Content starts

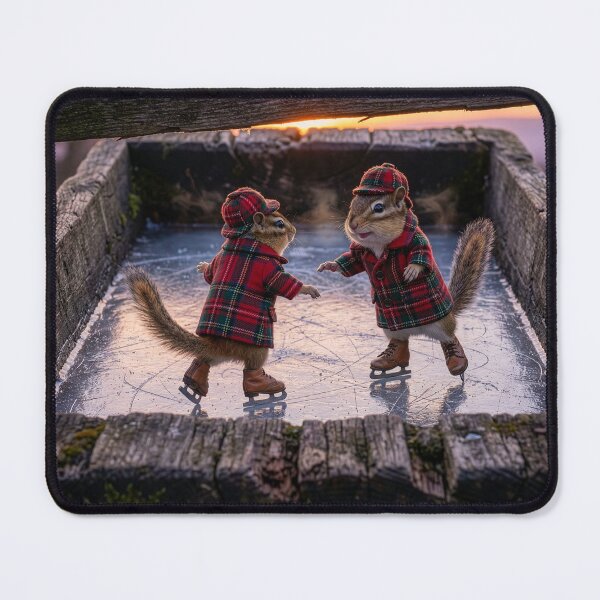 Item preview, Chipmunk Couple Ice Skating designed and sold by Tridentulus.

Content ends
Content starts

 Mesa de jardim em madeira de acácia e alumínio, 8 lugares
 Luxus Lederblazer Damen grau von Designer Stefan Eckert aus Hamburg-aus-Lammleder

Content ends

Instructions for the task>
Please give again the lines above between the line holding "Mesa de jardim" and the line holding "Luxus Lederblazer Damen", inclusive, exactly as they are and with nothing added.

Result>
 Mesa de jardim em madeira de acácia e alumínio, 8 lugares
 Luxus Lederblazer Damen grau von Designer Stefan Eckert aus Hamburg-aus-Lammleder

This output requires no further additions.